Portal:Toolforge/Admin/Archive

From Wikitech

This is a documentation for tool labs admins

Lot of stuff is missing, so please add all documentation of how things are set up here

Tools

Creation of new tool

Users create tools themselve, just make sure that toolwatcher is running

Removal of tool

Login to tools-login, and execute

sudo su
cd /home/petrb/bin
./rmtool "<name of tool>"

Follow all instructions / eventually respond to questions, this is interactive script, don't run it in nohup

Disabling tools running on -login

There should be no bots or such running directly on -login, these should run on a grid. If you see anyone running a bot on -login do following:

If they run them in cron

Comment out the jobs and leave a message with explanation why you did it.

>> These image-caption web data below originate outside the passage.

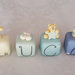 Cake topper cubi con orsetti in scala di blu LUCA personalizzabile 4 cubi 4 lettere 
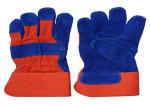 Blue Customized Safety Leather Hand Gloves , Hand Protection Gloves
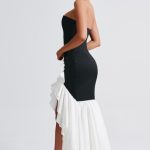 Angelina Maxi Dress - Black/White - Image 4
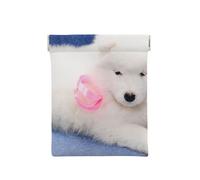 Cachorro Samoyedo Cachorro De Perros Blancos con Lazo Peludo, Squeeze Top Wallet Bolsa de Almacenamiento para Mujer Monedero pequeño Bolsa de Cambio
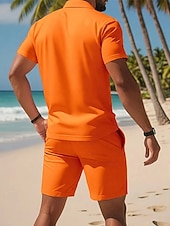 Χαμηλού Κόστους Ανδρικό Κλασικό Πόλο-Ανδρικά Πουκάμισο γκολφ Μπλουζάκια Golf Polos Δουλειά Causal Πέτο Κοντομάνικο Βασικό Μοντέρνα Σκέτο 2 τεμάχια Κουμπιά Καλοκαίρι Άνοιξη Κανονικό Μαύρο Ρουμπίνι Πορτοκαλί Μπλε Απαλό Γκρίζο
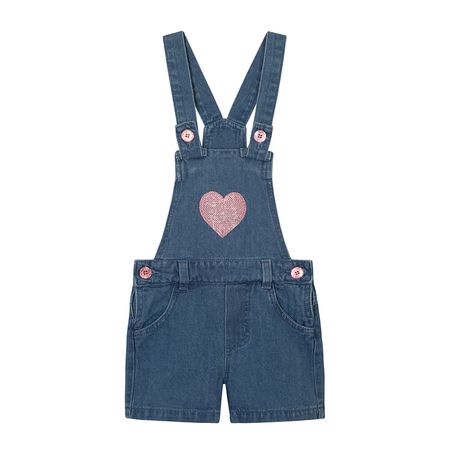 Jardineira Infantil Bebe Com Bordado Coracao Jeans Eskala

If they run them in a screen

Kill them and execute: /usr/local/sbin/warn-screen <list of pts>

Configuration of instance

Memory

Every instance has overcommit disabled, that is done using /etc/sysctl.d/60-vm.overcommit_memory.conf - this file is inside of init.pp so that every instance get it

NFS

Every instance need to use nfs by default, this is done by putting it to proper class and then enforcing puppet and rebooting. By default they use gluster,

New instance cookbook

Make sure this new instance doesn't provide service which needs own security group - if you fail to add one in time you will have to delete it

Exec nodes

  • Make sure that exec nodes have their own external IP so that identd works and bots can connect to IRC inter alia

Mail

The /var/mail is a symlink to /data/project/.system/mail on all servers, that makes the mail boxens shared on whole tools project

There is tools-mail which only Coren knows, what is for

Toolwatcher (tools-login)

There is a daemon on tools-login called toolwatcher. It creates folders for new tools, creates local databases and updates the webservers' configuration. If you reboot tools-login or if it's dead, you need to (re-)start it:

sudo su
service toolwatcher start

Access to instances

There is a puppet variable restricted_to. It is set to local-admin on all machines which access should be restricted to.

Howto

List all jobs

$ qstat -u '*'

See how much memory is being used

$ qstat -F h_vmem

See information about jobs that finished

$ ssh tools-master
$ qacct --help

local-admin

There is admin service group called local-admin, it has own documentation page at http://tools.wmflabs.org/admin/ here is a copy of it, for case that webservers are offline:

History of tools

Every hour, the list of tools (service groups) is dumped and committed to the repository at ~tools.admin/var/lib/git/servicegroups by the script ~tools.admin/bin/toolhistory (backup) that runs as the continuous job toolhistory.